Although the goal of this column is to examine the effects of using volume fractions vs. weight fractions as the constituent concentrations for principal component regression (PCR) and partial least squares (PLS) calibrations, there is much to be learned from the spectroscopic data itself, without reference to any constituent compositions. Therefore, our initial inspection of the data parallels the initial examination of the smaller, 15-sample set of mixtures, to verify that those computed values did not require concentration values, or involve the application of advanced chemometric calibration algorithms. Instead, our initial foray into looking at the results from the statistical experimental design described in the previous column (1) was to examine the behavior of the spectral data alone, without involving the use of chemometrics. The application of chemometrics to the data will be described later, and for reasons that will become clear, may not be described fully here. The advantage of analyzing the spectral data without bringing in the constituent values is that the expectations of their behavior are better known, and more easily described. This allows us to compare our results with the theoretical expectations, so that when we introduce the constituent values, we will have some foreknowledge of how we might expect the data to behave. Some of these behaviors have already been listed qualitatively in Tables I and II (see the previous column ), where we compared current near-infrared (NIR) spectroscopy practice to theoretical expectations.
While we have spectra of the pure materials that comprise the mixtures, they were not taken as part of the calibration set. Therefore, for comparison and demonstration purposes, we use the five mixtures containing each of those materials at 60% (the maximum value they can attain in these samples) with each of the other mixture components at their lowest value (10%) as surrogates for the pure materials. The plots in Figure 1 present these spectra, for reference.
In keeping with our desire for initial analysis to not use the reference values, our next activity is to present the results of performing classical least squares (CLS) analysis on the mixture data. One aspect of CLS gives us the ability to reconstruct the spectrum of a sample from the spectra of the pure components. Thus the validity of the data analysis, as well as the quality of the data, can be captured by CLS analysis by the agreement between a pure-component spectrum computed from the mixture spectra and the measured spectrum of that chemical component. These plots are shown in Figure 2, for the mixtures containing the maximum amount (60 wt%) of each of the ingredients respectively, and for each mixture the minimum amount (10 wt%) of all the other ingredients. It is clear that the agreement between the theoretical reconstructed spectrum and the actual spectrum of each ingredient is almost, although not quite, as good as the agreement between duplicate spectra of the same material. This an important observation, since later on we will be comparing spectra to each other, and knowing the amount of deviation expected between actual measurements and computed approximations will be important in evaluating the computed results.
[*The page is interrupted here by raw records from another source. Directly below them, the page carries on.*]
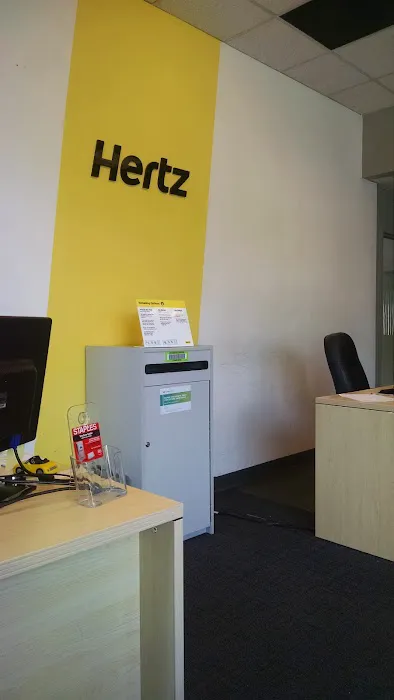 Hertz Car Rental - Woburn - Main Street Picture 3
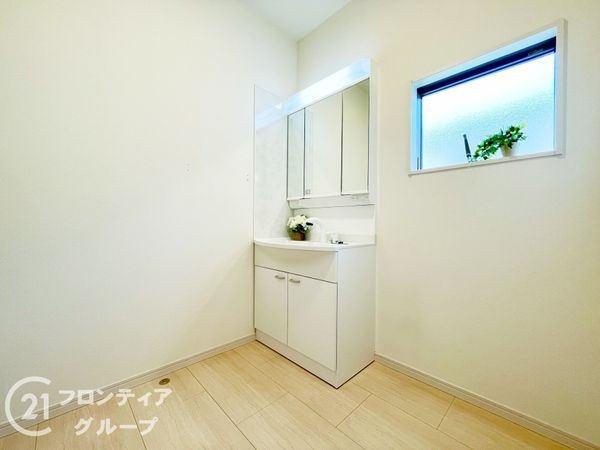 橿原市白橿町８丁目の中古一戸建て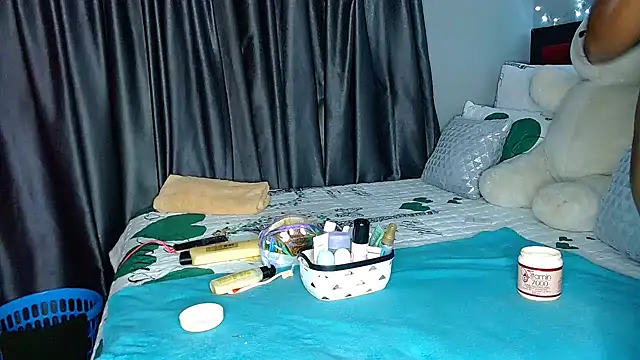 Snapshot of MissBigNipples chatting on January 26, 3:48 am MissBigNipples online show from January 26, 3:48 am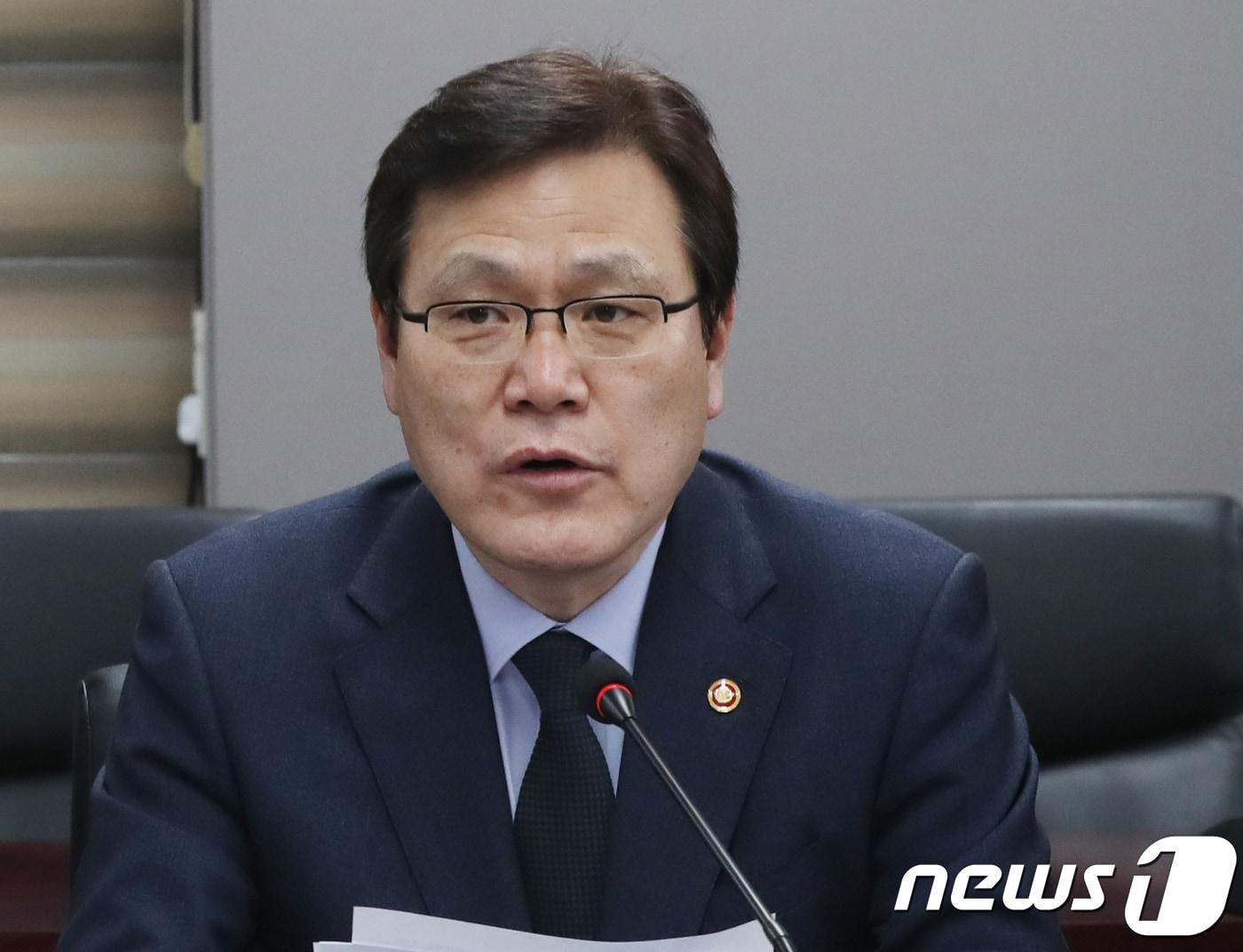 본문 이미지 - 최종구 금융위원장. 2018.4.12/뉴스1 ⓒ News1 송원영 기자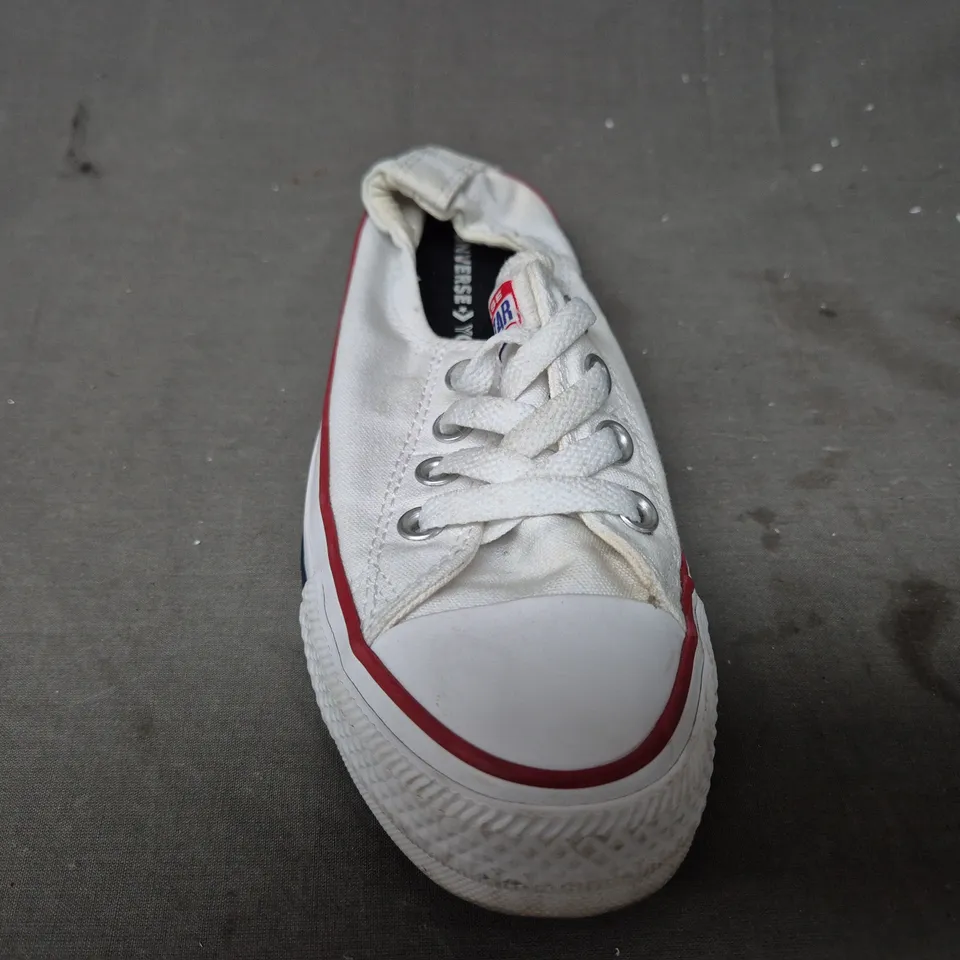 BOXED PAIR OF CONVERSE SHOES IN WHITE UK SIZE 5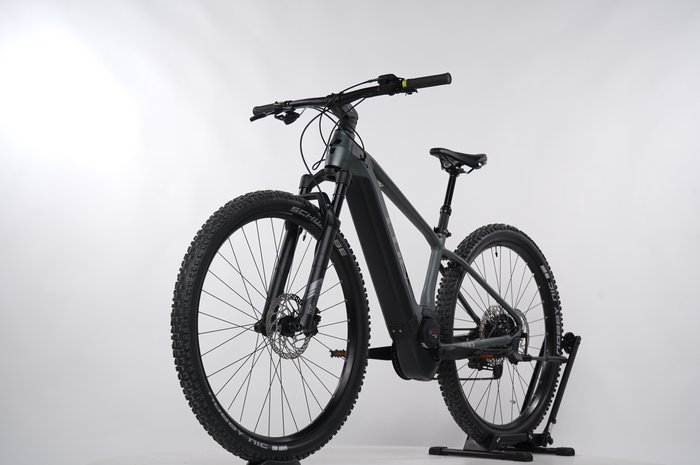 Cube Reaction Hybrid Pro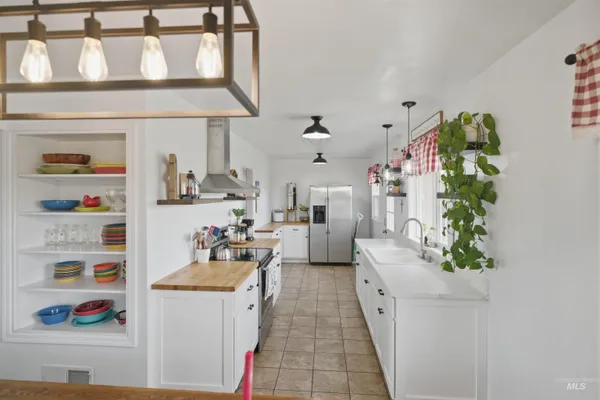 $575,000 | 3611 Highway 8, Troy, ID 83871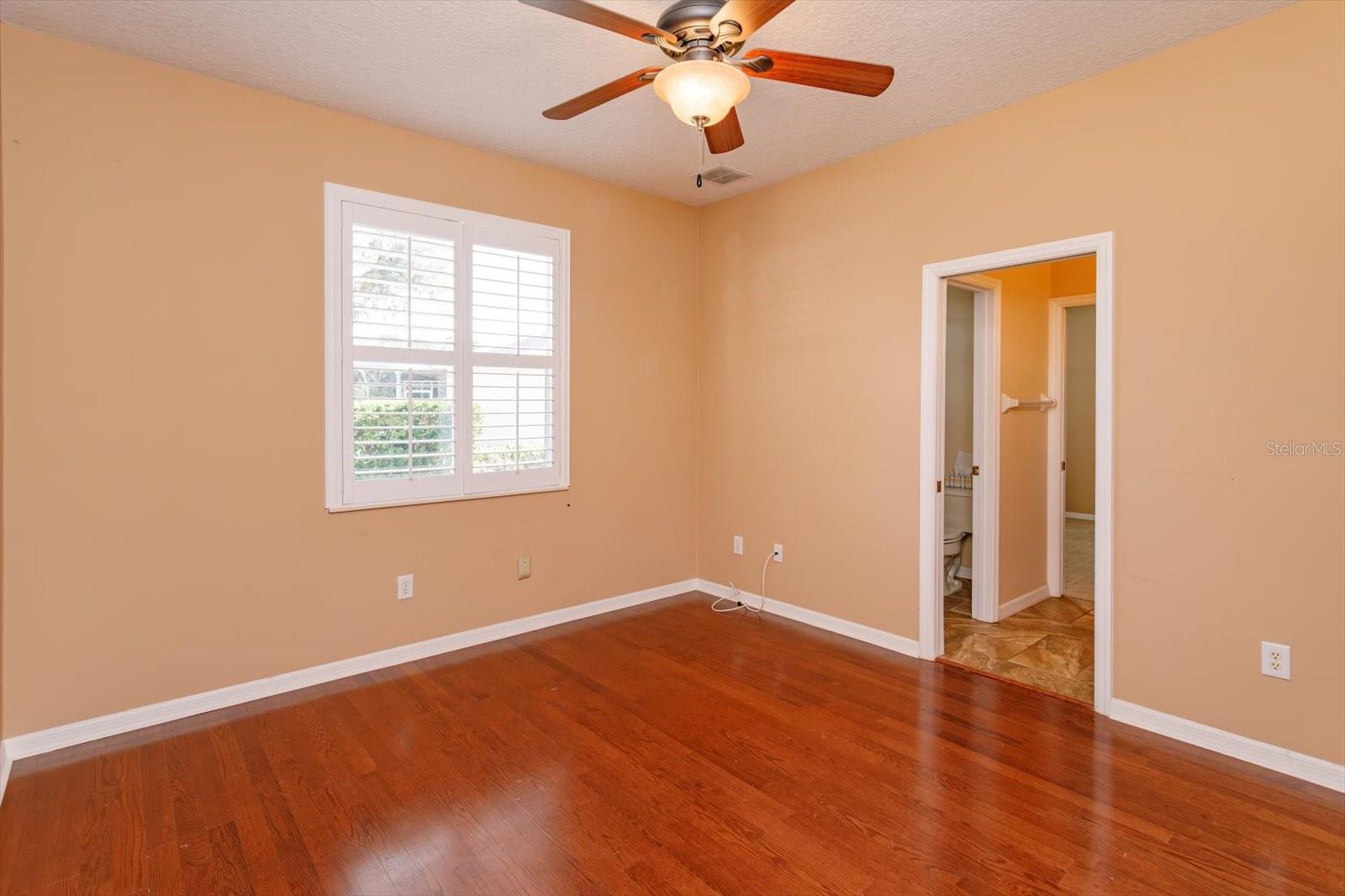 Image 30 of 43 For 3712 Clydebank Court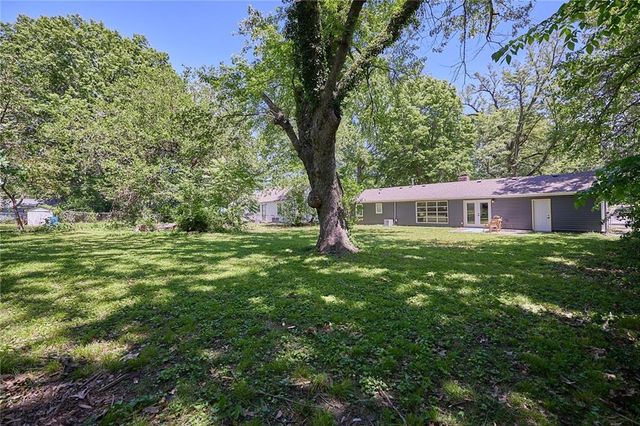 7204 Raytown Road, Raytown, MO 64133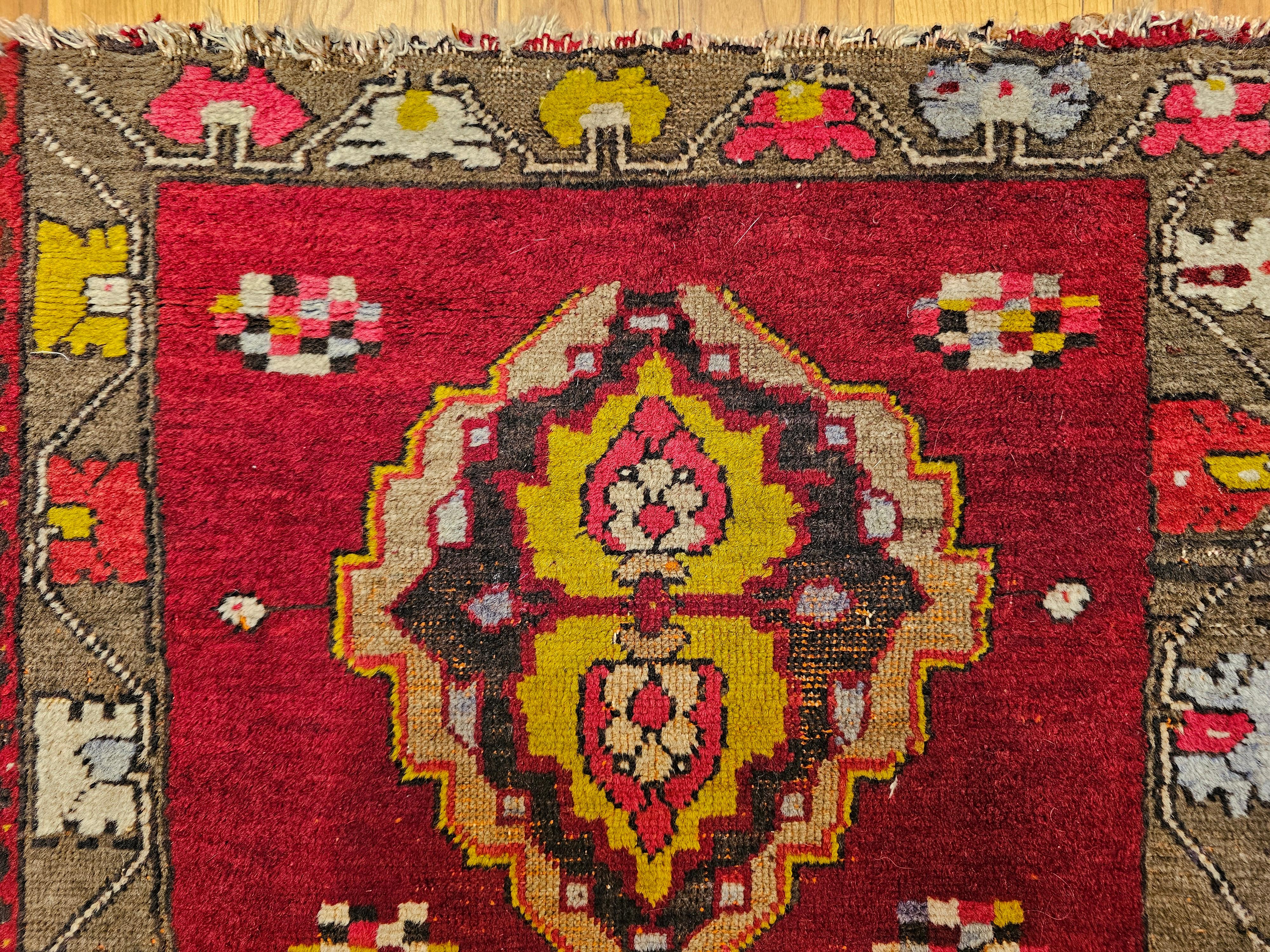 Oushak turco d'epoca in formato quadrato in rosso, chartreuse, rosa, marrone in vendita 3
In Figure 3, we have plotted, for each of the five ingredients, the values of the CLS-calculated concentrations vs. the known weight percent and volume percent of the ingredients. Not surprisingly, we note the following characteristics of the plots in Figure 3:
For the plots where the abscissa variable represents the weight fraction, the points corresponding to a given weight fraction of the ingredient lies on a vertical line. The explanation is simple-the samples were made up gravimetrically to prescribed values, thus the actual and the nominal values of weight fraction are all the same (within experimental error) for a given fraction of the specified ingredient. The spectral values plotted on the ordinate direction varied due to the actual changing composition, reflected in the spectral response, hence the data points corresponding to samples of the nominal composition are spread out in only the Y-direction.
For the plots where the abscissa variable represents the volume fraction, the points corresponding to a given volume fraction of the ingredient lie along a line essentially parallel to the direction of the line through all the samples of varying composition. This reflects the improvement of the performance attainable through the use of volume fractions. As we’ve seen previously with the more limited sample set (2), when volume fractions are used as the measure of concentration, the change in value of the constituent concentration is mirrored by an equivalent change in the value of the concentration as determined by the CLS algorithm (2). The calculated values of the concentration measure within each group of data points then follows the trend of the data very nicely, instead of them all lying vertically as in the weight percent values of Figure 3.
The difference between the two cases is that when weight fraction is used for the constituent concentration, the value used to represent concentration of the sample is constant, because the samples were made up that way-to contain a pre-specified amount of the ingredient. In this case, only the spectroscopically calculated value changes (due to the variations in the other components), and therefore the resulting data points fall on a vertical line. When the volume fraction is used as the constituent value, then both the spectroscopically calculated value and known reference value change, and change concurrently, so that the data points for each sample lie on a sloping line that reflects the corresponding changes in the two values.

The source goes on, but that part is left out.